Nyaman tanpa iklan. Langganan BisnisPro

Kekurangan Stok Pangan Mengintai Asia

Risiko kekurangan pasokan pangan di kawasan ditimbulkan oleh terganggunya logistik, baik impor dan ekspor akibat lockdown dan karantina di sejumlah negara.
Sejumlah rak yang memajang produk mie instan kosong di sebuah supermarket di Shah Alam, Selangor, Malaysia, Selasa (17/3/2020). Setelah Perdana Menteri Muhyiddin Yassin mengumumkan Malaysia melakukan lockdown nasional, sejumlah supermarket diserbu masyarakat.

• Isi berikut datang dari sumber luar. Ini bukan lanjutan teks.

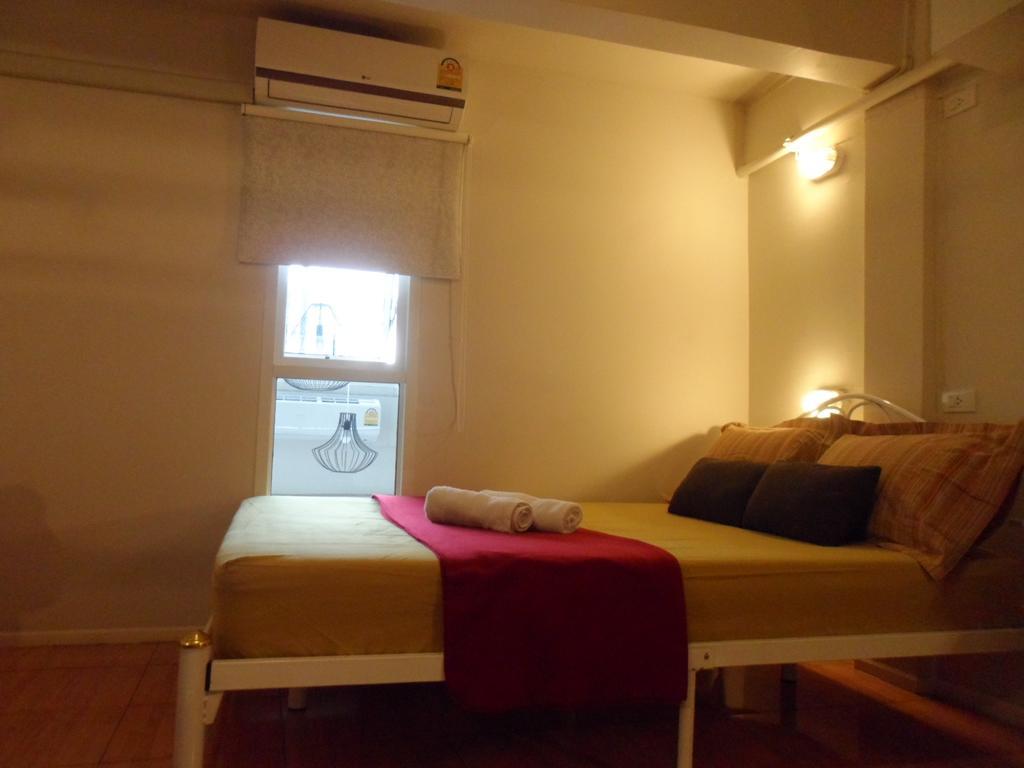 Need Sleep Hostel Bangkok Exterior foto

Bloomberg/Samsul Said
Sejumlah rak yang memajang produk mie instan kosong di sebuah supermarket di Shah Alam, Selangor, Malaysia, Selasa (17/3/2020). Setelah Perdana Menteri Muhyiddin Yassin mengumumkan Malaysia melakukan lockdown nasional, sejumlah supermarket diserbu masyarakat. Bloomberg/Samsul Said

Bisnis.com, JAKARTA - Memborong barang kebutuhan pokok dalam jumlah besar atau dikenal dengan istilah panic buying terjadi di banyak negara, menyusul ketakutan masyarakat akan stok pangan selama pandemi virus corona.

Di saat krisis seperti ini, untuk menjaga stabilitas politik, pemerintah harus memastikan setiap orang mendapatkan kebutuhan dengan harga terjangkau.

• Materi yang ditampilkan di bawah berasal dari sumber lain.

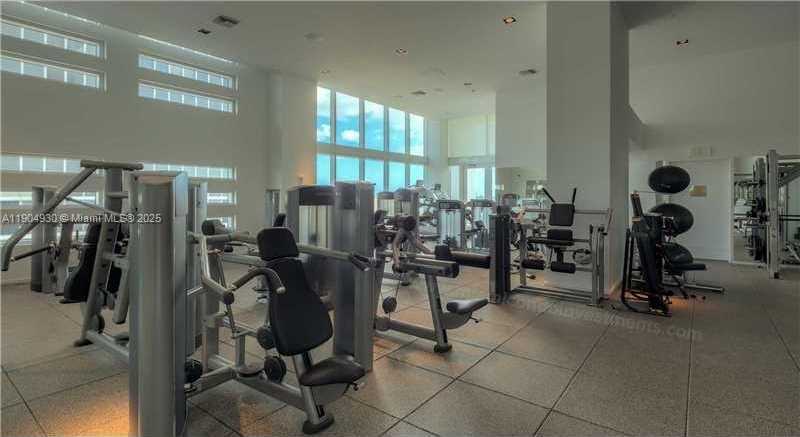 Small Image of 1040 BISCAYNE BLVD #1707, Miami Number 12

Rusia, Kazakhstan, dan Ukraina telah mengumumkan rencana membatasi ekspor gandum. Kekhawatiran tersebut menjalar ke stok beras, makanan pokok utama bagi miliaran masyarakat Asia dengan China dan India sebagai konsumen global terbesar.

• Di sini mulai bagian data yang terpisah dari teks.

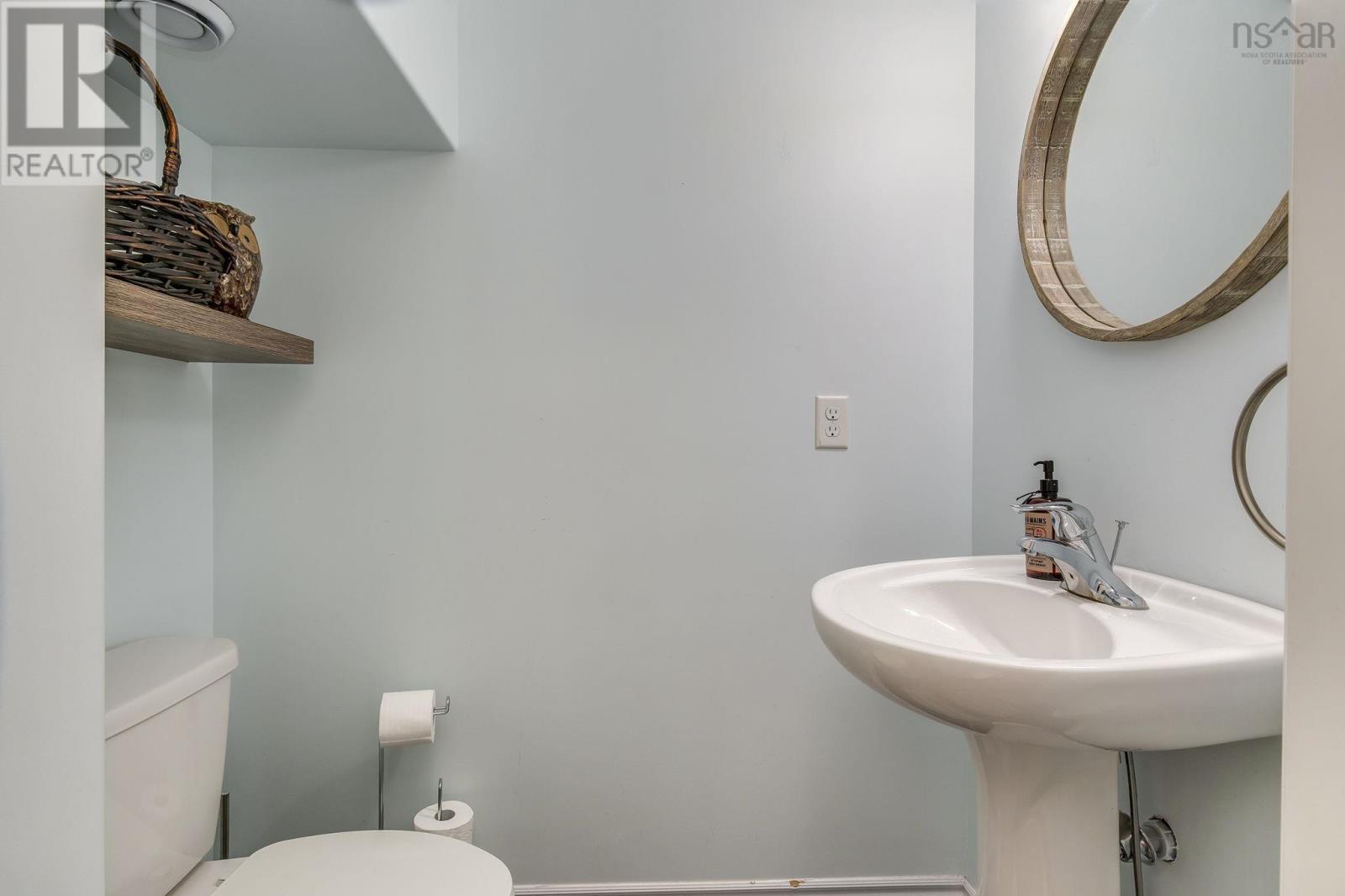 Property 23 of 45 of 79 Collingwood Court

Vietnam, ekportir beras terbesar ketiga di dunia, untuk sementara menangguhkan penjualan ke luar negeri untuk melindungi pasokan domestik di tengah kekeringan di Delta Mekong.

Perdana Menteri Vietnam Nguy.n Xuân Phúc telah meminta Kementerian Perdagangan untuk menyerahkan rencana ekspor sebelum 5 April 2020. Menurut keterangan resmi pemerintah, pengiriman ke luar negeri harus dikontrol untuk memastikan keamanan pangan nasional. Myanmar juga mengatakan akan memotong ekspor untuk menghindari kekurangan domestik.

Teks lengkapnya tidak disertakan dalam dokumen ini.